Take the lines below beginning at the line that has "LPDF 74 14 Bombardierung" and stopping after the line that has "Prada Pink Continental Long Wallet", and print them exactly as they are, with no other lines.

Dataset records:
-------------------------
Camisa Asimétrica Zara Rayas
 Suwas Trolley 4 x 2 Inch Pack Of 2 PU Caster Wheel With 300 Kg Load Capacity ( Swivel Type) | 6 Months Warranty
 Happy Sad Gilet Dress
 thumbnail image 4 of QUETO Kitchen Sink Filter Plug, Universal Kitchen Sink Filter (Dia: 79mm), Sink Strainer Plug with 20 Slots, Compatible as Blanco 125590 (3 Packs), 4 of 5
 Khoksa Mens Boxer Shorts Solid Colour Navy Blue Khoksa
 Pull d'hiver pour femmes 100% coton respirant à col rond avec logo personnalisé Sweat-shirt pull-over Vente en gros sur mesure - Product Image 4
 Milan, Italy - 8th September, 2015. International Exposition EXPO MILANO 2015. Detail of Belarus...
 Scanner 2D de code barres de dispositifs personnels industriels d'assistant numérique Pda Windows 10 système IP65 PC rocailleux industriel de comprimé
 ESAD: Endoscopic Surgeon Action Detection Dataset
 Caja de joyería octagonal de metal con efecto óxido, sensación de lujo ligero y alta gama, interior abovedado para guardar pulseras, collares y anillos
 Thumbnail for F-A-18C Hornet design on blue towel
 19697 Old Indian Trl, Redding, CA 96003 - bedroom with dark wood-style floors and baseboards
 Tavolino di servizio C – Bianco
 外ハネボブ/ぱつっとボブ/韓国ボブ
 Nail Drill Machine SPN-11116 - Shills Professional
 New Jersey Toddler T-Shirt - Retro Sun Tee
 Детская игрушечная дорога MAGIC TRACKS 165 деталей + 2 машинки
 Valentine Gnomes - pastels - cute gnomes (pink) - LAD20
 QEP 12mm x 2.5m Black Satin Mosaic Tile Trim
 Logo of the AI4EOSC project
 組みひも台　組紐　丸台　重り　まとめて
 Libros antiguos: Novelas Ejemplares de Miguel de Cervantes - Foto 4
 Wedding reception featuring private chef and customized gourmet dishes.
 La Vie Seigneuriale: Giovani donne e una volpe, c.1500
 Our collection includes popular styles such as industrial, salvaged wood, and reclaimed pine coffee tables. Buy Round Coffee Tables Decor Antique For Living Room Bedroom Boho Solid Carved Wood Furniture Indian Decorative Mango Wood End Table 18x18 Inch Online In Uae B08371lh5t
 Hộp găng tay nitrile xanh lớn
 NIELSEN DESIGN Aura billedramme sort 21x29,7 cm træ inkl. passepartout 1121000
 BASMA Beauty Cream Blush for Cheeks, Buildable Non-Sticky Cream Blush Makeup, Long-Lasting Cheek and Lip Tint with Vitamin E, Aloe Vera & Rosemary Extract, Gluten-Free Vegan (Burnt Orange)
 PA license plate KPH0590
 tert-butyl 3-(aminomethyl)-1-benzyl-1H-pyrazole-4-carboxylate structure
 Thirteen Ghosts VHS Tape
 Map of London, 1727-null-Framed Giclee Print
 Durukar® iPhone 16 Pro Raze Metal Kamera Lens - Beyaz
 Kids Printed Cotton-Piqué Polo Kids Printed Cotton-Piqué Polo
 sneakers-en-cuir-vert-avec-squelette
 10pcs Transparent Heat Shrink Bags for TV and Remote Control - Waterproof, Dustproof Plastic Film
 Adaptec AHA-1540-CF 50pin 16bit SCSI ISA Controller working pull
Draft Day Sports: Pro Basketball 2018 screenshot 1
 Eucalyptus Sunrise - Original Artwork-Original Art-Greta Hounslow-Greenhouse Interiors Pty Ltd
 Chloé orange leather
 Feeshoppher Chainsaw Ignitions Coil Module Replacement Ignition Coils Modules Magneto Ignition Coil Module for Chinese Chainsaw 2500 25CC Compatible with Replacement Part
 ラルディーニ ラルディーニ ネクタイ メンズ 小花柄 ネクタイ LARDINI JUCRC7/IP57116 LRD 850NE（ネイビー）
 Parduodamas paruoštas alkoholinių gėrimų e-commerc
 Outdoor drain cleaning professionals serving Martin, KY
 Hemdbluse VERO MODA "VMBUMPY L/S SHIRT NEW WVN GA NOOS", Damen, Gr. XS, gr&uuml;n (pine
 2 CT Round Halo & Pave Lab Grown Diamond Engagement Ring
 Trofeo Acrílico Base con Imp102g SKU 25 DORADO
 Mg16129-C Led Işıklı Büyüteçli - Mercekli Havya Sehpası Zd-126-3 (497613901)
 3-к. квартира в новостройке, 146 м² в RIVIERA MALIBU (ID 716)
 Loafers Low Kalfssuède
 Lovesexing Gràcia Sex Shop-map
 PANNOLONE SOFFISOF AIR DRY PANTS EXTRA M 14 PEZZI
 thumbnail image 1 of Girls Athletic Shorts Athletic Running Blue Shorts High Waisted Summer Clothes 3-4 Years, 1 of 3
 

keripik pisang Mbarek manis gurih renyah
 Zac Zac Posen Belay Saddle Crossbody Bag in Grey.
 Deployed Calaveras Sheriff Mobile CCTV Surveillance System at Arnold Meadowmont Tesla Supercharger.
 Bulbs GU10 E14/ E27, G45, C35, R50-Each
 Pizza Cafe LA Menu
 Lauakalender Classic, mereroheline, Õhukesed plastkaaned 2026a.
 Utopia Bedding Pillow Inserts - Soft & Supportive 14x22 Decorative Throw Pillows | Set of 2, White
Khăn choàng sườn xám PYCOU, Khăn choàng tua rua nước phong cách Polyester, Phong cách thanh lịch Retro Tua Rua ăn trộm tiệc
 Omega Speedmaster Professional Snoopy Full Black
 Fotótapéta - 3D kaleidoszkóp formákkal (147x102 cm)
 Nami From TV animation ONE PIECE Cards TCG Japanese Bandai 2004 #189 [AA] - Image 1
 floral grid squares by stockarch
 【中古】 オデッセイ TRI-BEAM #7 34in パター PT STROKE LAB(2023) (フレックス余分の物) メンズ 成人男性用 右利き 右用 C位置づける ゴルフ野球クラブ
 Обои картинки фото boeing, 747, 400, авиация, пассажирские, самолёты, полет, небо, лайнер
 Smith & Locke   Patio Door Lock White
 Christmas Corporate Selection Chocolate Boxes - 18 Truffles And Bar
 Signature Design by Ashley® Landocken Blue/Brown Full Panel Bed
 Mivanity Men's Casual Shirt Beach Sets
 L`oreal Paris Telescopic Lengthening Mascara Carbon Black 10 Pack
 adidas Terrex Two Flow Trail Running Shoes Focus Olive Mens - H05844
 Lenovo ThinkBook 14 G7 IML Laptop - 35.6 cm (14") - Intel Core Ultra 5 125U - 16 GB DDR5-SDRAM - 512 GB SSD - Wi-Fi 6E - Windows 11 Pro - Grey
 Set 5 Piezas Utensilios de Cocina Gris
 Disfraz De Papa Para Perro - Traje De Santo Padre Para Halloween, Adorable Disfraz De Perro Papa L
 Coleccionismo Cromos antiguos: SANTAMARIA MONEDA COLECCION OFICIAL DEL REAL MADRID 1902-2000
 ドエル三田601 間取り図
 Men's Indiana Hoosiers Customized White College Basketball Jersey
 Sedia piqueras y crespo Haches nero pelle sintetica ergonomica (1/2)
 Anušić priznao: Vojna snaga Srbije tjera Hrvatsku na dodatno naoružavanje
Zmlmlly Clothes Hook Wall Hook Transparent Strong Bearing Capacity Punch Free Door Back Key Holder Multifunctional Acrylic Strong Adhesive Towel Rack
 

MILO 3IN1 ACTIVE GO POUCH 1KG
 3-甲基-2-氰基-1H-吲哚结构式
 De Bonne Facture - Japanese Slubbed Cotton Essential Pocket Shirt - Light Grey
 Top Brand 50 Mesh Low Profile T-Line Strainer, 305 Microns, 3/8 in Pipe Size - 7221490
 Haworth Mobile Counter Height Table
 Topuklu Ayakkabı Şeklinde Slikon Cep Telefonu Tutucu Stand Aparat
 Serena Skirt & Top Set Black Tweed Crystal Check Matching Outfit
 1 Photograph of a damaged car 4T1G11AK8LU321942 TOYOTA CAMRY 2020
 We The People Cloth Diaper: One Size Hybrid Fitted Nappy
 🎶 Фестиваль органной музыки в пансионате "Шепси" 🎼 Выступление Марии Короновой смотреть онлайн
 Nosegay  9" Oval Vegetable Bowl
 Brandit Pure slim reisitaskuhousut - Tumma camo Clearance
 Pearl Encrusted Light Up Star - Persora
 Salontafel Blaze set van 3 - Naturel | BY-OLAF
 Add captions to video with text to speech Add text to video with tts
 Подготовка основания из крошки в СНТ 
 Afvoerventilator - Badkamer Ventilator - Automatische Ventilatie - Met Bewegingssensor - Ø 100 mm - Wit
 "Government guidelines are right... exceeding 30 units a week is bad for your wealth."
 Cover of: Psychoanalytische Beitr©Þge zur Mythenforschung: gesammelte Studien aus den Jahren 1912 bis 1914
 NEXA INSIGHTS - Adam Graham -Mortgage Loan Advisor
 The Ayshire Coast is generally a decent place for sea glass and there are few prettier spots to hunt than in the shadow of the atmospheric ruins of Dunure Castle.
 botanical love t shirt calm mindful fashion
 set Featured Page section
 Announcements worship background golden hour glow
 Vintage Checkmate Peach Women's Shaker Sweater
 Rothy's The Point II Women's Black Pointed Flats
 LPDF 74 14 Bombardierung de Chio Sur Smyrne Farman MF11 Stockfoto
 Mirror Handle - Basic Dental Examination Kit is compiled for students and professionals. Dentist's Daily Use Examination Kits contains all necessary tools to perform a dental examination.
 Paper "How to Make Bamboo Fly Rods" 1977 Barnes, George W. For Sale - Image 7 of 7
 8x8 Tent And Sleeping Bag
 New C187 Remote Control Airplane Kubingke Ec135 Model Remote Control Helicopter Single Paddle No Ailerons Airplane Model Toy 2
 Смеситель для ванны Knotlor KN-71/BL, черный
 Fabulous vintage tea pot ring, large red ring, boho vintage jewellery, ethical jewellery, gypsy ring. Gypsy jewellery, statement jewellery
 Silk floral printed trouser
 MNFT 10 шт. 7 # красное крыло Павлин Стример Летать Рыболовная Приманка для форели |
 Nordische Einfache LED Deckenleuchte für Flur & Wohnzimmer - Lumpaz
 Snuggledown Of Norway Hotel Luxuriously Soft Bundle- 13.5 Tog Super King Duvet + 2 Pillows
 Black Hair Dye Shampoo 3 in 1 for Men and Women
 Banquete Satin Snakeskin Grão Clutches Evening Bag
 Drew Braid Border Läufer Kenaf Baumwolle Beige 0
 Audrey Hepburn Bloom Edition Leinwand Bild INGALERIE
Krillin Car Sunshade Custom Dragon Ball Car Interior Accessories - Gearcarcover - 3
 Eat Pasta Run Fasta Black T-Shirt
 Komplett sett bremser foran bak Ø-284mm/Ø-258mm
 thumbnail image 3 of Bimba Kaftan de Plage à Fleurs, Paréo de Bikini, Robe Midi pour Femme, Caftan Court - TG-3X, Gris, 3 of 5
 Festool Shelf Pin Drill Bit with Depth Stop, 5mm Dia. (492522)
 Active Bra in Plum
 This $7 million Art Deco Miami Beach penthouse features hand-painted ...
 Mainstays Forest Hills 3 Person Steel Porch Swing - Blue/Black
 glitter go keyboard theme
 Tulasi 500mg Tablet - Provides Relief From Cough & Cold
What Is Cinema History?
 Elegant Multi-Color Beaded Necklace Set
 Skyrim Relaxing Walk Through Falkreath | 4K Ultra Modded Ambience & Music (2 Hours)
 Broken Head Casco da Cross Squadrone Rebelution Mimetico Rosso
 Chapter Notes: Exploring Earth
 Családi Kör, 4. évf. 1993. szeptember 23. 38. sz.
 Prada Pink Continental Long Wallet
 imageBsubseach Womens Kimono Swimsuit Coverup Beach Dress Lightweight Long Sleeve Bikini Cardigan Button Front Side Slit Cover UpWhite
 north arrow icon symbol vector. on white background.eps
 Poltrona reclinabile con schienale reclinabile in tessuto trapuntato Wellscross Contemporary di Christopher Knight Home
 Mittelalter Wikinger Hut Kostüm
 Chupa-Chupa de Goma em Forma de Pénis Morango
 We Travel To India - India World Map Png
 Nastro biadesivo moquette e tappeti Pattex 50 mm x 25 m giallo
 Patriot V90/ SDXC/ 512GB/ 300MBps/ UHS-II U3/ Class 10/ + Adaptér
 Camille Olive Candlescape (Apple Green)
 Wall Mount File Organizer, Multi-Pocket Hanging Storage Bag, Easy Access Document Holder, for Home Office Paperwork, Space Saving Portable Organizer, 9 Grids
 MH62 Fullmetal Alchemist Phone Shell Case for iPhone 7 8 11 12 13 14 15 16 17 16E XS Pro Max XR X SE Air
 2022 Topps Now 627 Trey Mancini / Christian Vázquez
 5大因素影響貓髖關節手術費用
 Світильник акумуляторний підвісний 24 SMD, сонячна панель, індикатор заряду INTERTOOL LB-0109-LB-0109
-------------------------
▸ Written solution
 LPDF 74 14 Bombardierung de Chio Sur Smyrne Farman MF11 Stockfoto
 Mirror Handle - Basic Dental Examination Kit is compiled for students and professionals. Dentist's Daily Use Examination Kits contains all necessary tools to perform a dental examination.
 Paper "How to Make Bamboo Fly Rods" 1977 Barnes, George W. For Sale - Image 7 of 7
 8x8 Tent And Sleeping Bag
 New C187 Remote Control Airplane Kubingke Ec135 Model Remote Control Helicopter Single Paddle No Ailerons Airplane Model Toy 2
 Смеситель для ванны Knotlor KN-71/BL, черный
 Fabulous vintage tea pot ring, large red ring, boho vintage jewellery, ethical jewellery, gypsy ring. Gypsy jewellery, statement jewellery
 Silk floral printed trouser
 MNFT 10 шт. 7 # красное крыло Павлин Стример Летать Рыболовная Приманка для форели |
 Nordische Einfache LED Deckenleuchte für Flur & Wohnzimmer - Lumpaz
 Snuggledown Of Norway Hotel Luxuriously Soft Bundle- 13.5 Tog Super King Duvet + 2 Pillows
 Black Hair Dye Shampoo 3 in 1 for Men and Women
 Banquete Satin Snakeskin Grão Clutches Evening Bag
 Drew Braid Border Läufer Kenaf Baumwolle Beige 0
 Audrey Hepburn Bloom Edition Leinwand Bild INGALERIE
Krillin Car Sunshade Custom Dragon Ball Car Interior Accessories - Gearcarcover - 3
 Eat Pasta Run Fasta Black T-Shirt
 Komplett sett bremser foran bak Ø-284mm/Ø-258mm
 thumbnail image 3 of Bimba Kaftan de Plage à Fleurs, Paréo de Bikini, Robe Midi pour Femme, Caftan Court - TG-3X, Gris, 3 of 5
 Festool Shelf Pin Drill Bit with Depth Stop, 5mm Dia. (492522)
 Active Bra in Plum
 This $7 million Art Deco Miami Beach penthouse features hand-painted ...
 Mainstays Forest Hills 3 Person Steel Porch Swing - Blue/Black
 glitter go keyboard theme
 Tulasi 500mg Tablet - Provides Relief From Cough & Cold
What Is Cinema History?
 Elegant Multi-Color Beaded Necklace Set
 Skyrim Relaxing Walk Through Falkreath | 4K Ultra Modded Ambience & Music (2 Hours)
 Broken Head Casco da Cross Squadrone Rebelution Mimetico Rosso
 Chapter Notes: Exploring Earth
 Családi Kör, 4. évf. 1993. szeptember 23. 38. sz.
 Prada Pink Continental Long Wallet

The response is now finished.